Kobe Bryant and the Lakers looked sharp early, taking a three-point lead during the opening period on the back of three three-point shots by number-24. Los Angeles looked like they had come to crash the party in Beantown; for a time. Then, as the quarter began to progress, so did Boston's confidence, their defensive tenacity and ultimately, their lead. Rajon Rondo started what would be a trend for the Celtics by making big plays on defense. He would contribute four-points, and more importantly, three-steals. LA was forced into six-turnovers in the opening 12-minutes of Game 5, 1/3 of what they had been averaging for the series. Despite poor shooting the Celtics did get 10-points out of Garnett, and still looked to be in control despite Pierce shooting one-of-six from the field, and Ray Allen leaving the game after being slashed across the eyes on a drive by Lamar Odom.
After one, it was 24-20 Celtics. And that's the closest it would be for the remainder of the game.
In the second quarter, the Celtics turned on the after burners. It started with three's by bench stars in James Posey and Eddie House. It continued with Ray Allen returning at the 6:05 mark. More defense came and so did more from Posey and House. During an 11-0 run in the middle of the second quarter, James Posey and Eddie House scored all of those points, pushing the lead up and up. While Kobe Bryant was held silent from the field, and Odom and Gasol did next to nothing much like the rest of the Lakers team, the Celtics continued to press the issue in all facets of the game which cullminated into an insurmountable halftime lead: 58-35.
The Lakers had been outhustled, outdefended, and pretty much outanything'd like so many times during the course of these Finals. The desparity in every angle of the game and any statistical category available was laughable:
- 11 first half turnovers for the Lakers
- 29% from the field for the Lakers
- Celtics Bench: 15-points
- Big 3: 35-points; Kevin Garnett: 17-points, one more than in all of Game 1.
- Zero offensive rebounds for the Lakers; nine for the Celtics
- Celtics doubled up the Lakers in rebounding
- Nine steals by the Celtics
What happened in the first half only continued and got much, much worse in the second. The game was lost at half time, it was labeled as KIA in the second. Like in the song "Hotel California", the champagne was put on ice, and the Celtics started to stab the beast with stealy knives -- only unlike the song and its story, they killed the beast.
The lead topped 31-points in the quarter, ending at 89-60.

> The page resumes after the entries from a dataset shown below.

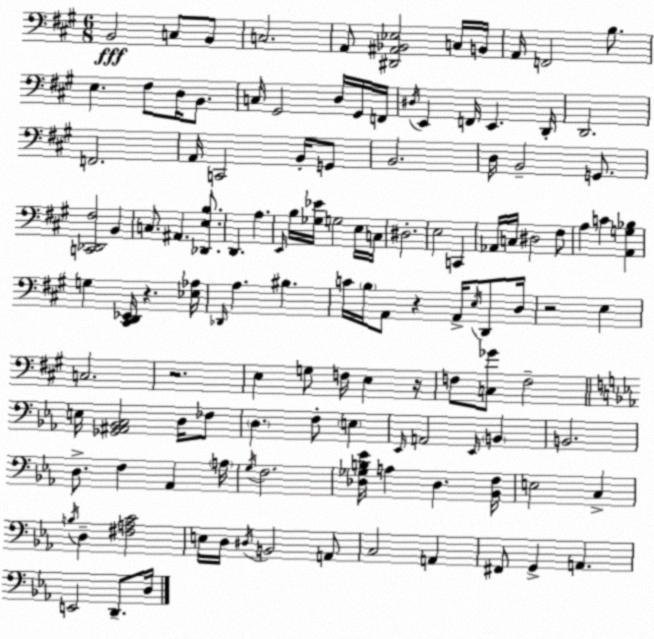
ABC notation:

X:1
T:Untitled
M:6/8
L:1/4
K:A
B,,2 C,/2 B,,/2 C,2 A,,/2 [^D,,^A,,_B,,_E,]2 C,/4 B,,/4 A,,/4 F,,2 B,/2 E, ^F,/2 D,/4 B,,/2 C,/4 ^G,,2 D,/4 ^G,,/4 F,,/4 ^D,/4 E,, F,,/4 E,, D,,/4 D,,2 F,,2 A,,/4 C,,2 B,,/4 G,,/2 B,,2 D,/4 B,,2 G,,/2 [C,,_D,,^F,]2 B,, C,/2 ^A,, [_D,,E,B,]/2 D,, A, E,,/4 B,/4 [_G,_E]/4 G,2 E,/4 C,/4 ^D,2 E,2 C,, _A,,/4 C,/4 ^D,2 ^F,/2 A, C [A,,G,_B,] G, [^C,,D,,_E,,]/4 z [_E,_A,]/4 _D,,/4 A, ^B, C/4 B,/4 A,,/2 z A,,/4 E,/4 D,,/2 D,/4 z2 E, C,2 z2 E, G,/2 F,/4 E, z/4 F,/2 [C,_G]/2 F,2 E,/4 [_G,,^A,,_B,,C,]2 D,/4 _F,/2 D, F,/2 E, _E,,/4 A,,2 _E,,/4 B,, B,,2 D,/2 F, _A,, A,/4 G,/4 F,2 [_D,_G,B,_E]/4 A, _D, [_B,,F,]/4 E,2 C, B,/4 D, [^F,A,C]2 E,/4 D,/4 ^D,/4 B,,2 A,,/2 C,2 A,, ^F,,/2 G,, A,, E,,2 D,,/2 D,/4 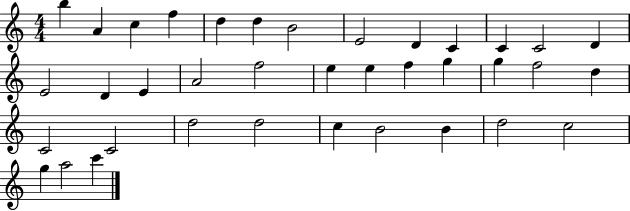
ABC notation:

X:1
T:Untitled
M:4/4
L:1/4
K:C
b A c f d d B2 E2 D C C C2 D E2 D E A2 f2 e e f g g f2 d C2 C2 d2 d2 c B2 B d2 c2 g a2 c'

In the fourth, it became absolutely ridiculous. The 1998 NBA Finals between the Utah Jazz and Chicago Bulls was mentioned, because the Celtics were closing in on a Finals record for margin of victory, which was 42 set by those Bulls and Michael Jordan. Although they didnt reach that record, they did reach many others. Rajon Rondo came one steal short of a Finals record. Ray Allen helped pour it on with three-pointer after three-pointer. That leading to a Finals record for three's in a Finals series: 22. That also leading to a tie for the record of three's in a Finals game: 7. The Celtics even threw in 18-steals for another Finals record. The final few minutes of the game becams a circus much like the one seen in "Batman Forever." Alley-oop jams and extra three's helped fuel the raucous crowd to a deafening noise level. Doc Rivers got a Gatorade shower by Paul Pierce after the starters were removed, allowing for them to celebrate, cry and cheer together. Kids were brought down to the floor, even Doc Rivers' son.

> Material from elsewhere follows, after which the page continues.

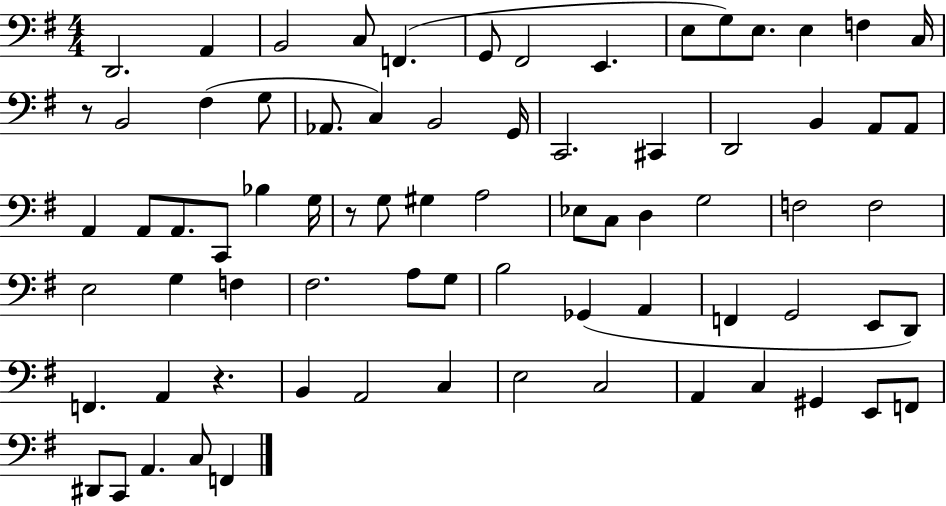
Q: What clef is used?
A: bass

The 2008 NBA Finals came to a close at 131-92 tonight, giving the Boston Celtics and their fans their 17th NBA Championship. And it also gave Paul Pierce, Ray Allen, Kevin Garnett and Doc Rivers their first Championship -- and lets not forget, Pierce a Finals MVP Award.
Keys to the Game
Kobe Bryant: 22-points; 11-points after 1st Qtr.
LA: Only two other players in double-figures.

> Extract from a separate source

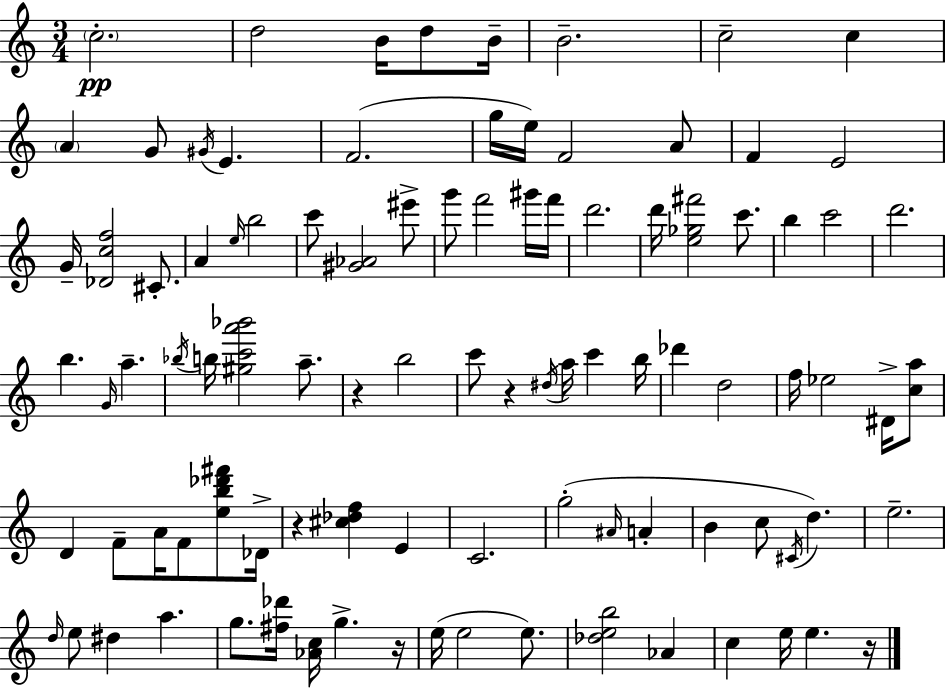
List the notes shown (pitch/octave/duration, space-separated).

TO's: 19; 11 in first half.
Rebounding: 29; two offensive.
Defense: Gave up 131-points, 32 made free-throws, 13 three-pointers, 33-assists, forced only seven turnovers and were outrebounded by 19.
Big 3: 69-points; Kevin Garnett: 26; Paul Pierce: 17; Ray Allen: 26
Defense: Forced 19-turnovers, 18-steals, allowed 16-assists and 92-points.
Rebounding: 48, 14-offensive
Rajon Rondo: 21-points, eight-rebounds, seven-rebounds and six-steals.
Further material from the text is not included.